Bolivia y Perú 2000

Estaba terminando el año 1999 y la idea era recibir al nuevo milenio en las ruinas de Machu Picchu. En aquella época teníamos ese tipo de objetivos. Parecían épicos, trascendentales. Aunque intentáramos negarlo, la espiritualidad nos atravesaba inconscientemente. Ahora no, ahora esas ideas nos parecen raras. Hoy en día incluso nos resulta fácil darnos cuenta de que un 31 de diciembre a las doce de la noche las ruinas de Machu Picchu no van a estar abiertas.

Mi primo Andrés y yo salimos el día de navidad con el tiempo bastante ajustado. Gastón estaba aún más complicado: tuvo que quedarse en Buenos Aires esperando que llegara su pasaporte que tardaba más de lo normal. No sabía si iba a poder llegar a tiempo. Así fue que quedamos en reencontrarnos en Cuzco. Como en aquella época no todos teníamos una cuenta de mail, o en todo caso no era costumbre revisarla muy seguido, se nos ocurrió que podíamos ir cada día a las ocho de la noche a la plaza central. En algún momento nos veríamos.

Entonces salí de Buenos Aires solo con Andrés. Y veníamos sin dormir. Habíamos estado festejando el 24 a la noche y decidimos seguir de largo. Resultó una buena idea: en el extenso viaje hasta La Quiaca fuimos casi desmayados y se nos hizo relativamente corto. Lo poco que recuerdo de ese trayecto es que en Rosario subieron dos chicas que estaban buenas, una morocha y una pelirroja. Como siempre, pensamos en hablarles, pero dormimos, esta vez en sentido literal. De todos modos, cruzamos la frontera boliviana los cuatro juntos y resultó que las rosarinas iban con un objetivo similar. O tal vez se lo inventaron en ese momento. Algo así me imaginé porque, si bien ambas tenían novio, nos dejaron en claro que eso era un tema que no aplicaba demasiado fuera de la provincia de Santa Fe. Entonces propusimos ir juntos acompañándolas hasta la terminal de Villazón (si es que unas cuantas maderas pintadas puede llamarse terminal). Recuerdo que íbamos con ese aire de autosuficiencia que te da guiar a un par de mujeres por un sombrío pueblo de frontera. Nosotros habíamos estado ahí dos años antes apenas de pasada, pero exagerábamos nuestra experiencia casi como si fuéramos locales. Yo no le sacaba la vista a la pelirroja.
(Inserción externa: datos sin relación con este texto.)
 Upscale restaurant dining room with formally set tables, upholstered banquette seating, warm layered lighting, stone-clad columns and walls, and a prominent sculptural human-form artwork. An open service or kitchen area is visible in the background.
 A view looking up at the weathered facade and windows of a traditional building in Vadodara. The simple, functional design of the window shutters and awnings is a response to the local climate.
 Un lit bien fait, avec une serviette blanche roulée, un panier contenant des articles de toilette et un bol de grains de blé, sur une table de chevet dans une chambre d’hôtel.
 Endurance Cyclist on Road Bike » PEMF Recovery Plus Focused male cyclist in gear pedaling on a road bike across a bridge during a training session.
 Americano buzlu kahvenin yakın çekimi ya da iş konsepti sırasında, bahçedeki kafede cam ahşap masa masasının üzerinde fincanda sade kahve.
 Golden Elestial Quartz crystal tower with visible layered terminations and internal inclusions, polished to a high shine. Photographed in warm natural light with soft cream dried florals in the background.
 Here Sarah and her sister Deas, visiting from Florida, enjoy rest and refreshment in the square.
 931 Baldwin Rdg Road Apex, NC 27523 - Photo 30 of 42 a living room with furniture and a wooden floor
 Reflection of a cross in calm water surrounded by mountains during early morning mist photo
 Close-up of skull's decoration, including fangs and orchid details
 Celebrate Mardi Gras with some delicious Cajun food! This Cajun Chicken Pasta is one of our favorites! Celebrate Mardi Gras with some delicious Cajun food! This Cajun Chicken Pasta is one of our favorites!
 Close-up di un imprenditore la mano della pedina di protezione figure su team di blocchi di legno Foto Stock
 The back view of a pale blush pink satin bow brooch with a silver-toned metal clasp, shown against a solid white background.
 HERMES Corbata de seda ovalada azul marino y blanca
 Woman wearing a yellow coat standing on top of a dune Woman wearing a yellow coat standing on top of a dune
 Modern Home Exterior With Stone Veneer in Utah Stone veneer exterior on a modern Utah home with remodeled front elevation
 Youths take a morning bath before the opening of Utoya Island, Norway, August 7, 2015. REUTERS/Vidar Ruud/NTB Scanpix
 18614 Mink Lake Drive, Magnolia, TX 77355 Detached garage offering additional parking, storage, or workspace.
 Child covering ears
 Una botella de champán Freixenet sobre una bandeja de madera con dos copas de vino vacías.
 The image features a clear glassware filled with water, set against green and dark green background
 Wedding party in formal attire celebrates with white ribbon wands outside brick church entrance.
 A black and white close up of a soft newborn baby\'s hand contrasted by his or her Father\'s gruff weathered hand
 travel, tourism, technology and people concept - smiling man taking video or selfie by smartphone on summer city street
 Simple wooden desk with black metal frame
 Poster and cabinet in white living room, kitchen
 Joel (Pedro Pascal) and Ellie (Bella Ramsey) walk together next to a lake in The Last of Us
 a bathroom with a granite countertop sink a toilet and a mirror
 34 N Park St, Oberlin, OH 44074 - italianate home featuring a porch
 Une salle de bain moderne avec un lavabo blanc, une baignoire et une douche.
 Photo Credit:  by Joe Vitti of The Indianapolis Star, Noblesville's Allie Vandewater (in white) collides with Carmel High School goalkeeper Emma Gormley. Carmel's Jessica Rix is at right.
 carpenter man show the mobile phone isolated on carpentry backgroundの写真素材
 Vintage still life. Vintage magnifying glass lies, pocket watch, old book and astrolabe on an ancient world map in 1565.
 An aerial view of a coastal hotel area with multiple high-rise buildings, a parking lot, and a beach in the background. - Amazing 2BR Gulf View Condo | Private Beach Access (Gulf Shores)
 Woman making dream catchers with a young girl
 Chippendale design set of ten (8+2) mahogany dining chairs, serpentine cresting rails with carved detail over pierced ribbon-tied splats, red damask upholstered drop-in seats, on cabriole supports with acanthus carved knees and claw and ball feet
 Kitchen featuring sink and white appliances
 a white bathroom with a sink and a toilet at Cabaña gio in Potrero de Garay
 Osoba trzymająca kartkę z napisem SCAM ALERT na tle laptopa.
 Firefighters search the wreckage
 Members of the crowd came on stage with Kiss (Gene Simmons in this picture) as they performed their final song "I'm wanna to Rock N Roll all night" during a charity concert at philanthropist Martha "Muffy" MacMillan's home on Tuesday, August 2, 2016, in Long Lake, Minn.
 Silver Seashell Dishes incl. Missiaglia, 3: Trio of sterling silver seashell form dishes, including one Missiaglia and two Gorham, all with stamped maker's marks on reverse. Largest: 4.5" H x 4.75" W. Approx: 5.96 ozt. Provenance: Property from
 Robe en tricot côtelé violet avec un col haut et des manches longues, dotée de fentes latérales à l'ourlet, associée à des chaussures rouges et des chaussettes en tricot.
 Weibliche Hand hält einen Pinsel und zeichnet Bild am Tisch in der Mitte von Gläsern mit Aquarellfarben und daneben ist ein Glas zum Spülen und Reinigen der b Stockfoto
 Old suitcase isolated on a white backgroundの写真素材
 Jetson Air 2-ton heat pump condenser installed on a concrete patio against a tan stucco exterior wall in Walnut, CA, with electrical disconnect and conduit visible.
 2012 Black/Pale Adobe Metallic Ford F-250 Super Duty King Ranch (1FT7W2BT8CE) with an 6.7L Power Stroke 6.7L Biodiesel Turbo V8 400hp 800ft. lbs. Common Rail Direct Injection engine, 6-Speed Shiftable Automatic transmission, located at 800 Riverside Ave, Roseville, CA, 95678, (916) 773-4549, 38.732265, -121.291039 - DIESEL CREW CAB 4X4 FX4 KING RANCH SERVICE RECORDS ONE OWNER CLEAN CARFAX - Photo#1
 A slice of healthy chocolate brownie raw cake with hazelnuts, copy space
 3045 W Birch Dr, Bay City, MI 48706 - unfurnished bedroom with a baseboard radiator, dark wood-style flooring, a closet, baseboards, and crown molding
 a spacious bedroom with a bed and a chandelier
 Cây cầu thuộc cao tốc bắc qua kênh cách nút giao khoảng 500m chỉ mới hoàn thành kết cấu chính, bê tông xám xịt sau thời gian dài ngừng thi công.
Bendición de coches en Copacabana (Large)
La altura me hacía sentir como un auto borracho

Como teníamos pocos días para llegar a Cuzco, la idea era tomar un bus tras otro sin parar. Desde Villazón pensábamos ir directo a La Paz pero llegamos al anochecer y no encontramos pasajes, solo quedaba un bus a Potosí. A pesar de la gran experiencia que simulábamos ante las rosarinas, tomamos una decisión un poco delirante: lo conveniente habría sido buscar una combi o un taxi compartido al cercano y agradable pueblo de Tupiza, dormir ahí y salir a la mañana siguiente bien temprano hacia La Paz; pero no, elegimos el insufrible viaje nocturno hacia Potosí, una ruta que en aquella época era de tierra, un camino complicado con incontables curvas y contra curvas entre las montañas; y nos quedaron los peores asientos, los del fondo, los que más se sacuden en cada pozo. Fueron largas horas de bamboleos y golpes constantes en ese bus cuyos amortiguadores parecían haberse rendido hacía ya muchos años. La oscuridad, apenas atenuada por la luz de la luna entrando por la ventanilla, me potenciaba los sentidos, sobre todo el olor permanente a coca masticada y los ruidos de la oxidada carcaza del bus en movimiento. Como no había forma de dormir, con la morocha decidimos matar el tiempo besándonos. Estuvimos cerca de rompernos los dientes en varios pozo del camino.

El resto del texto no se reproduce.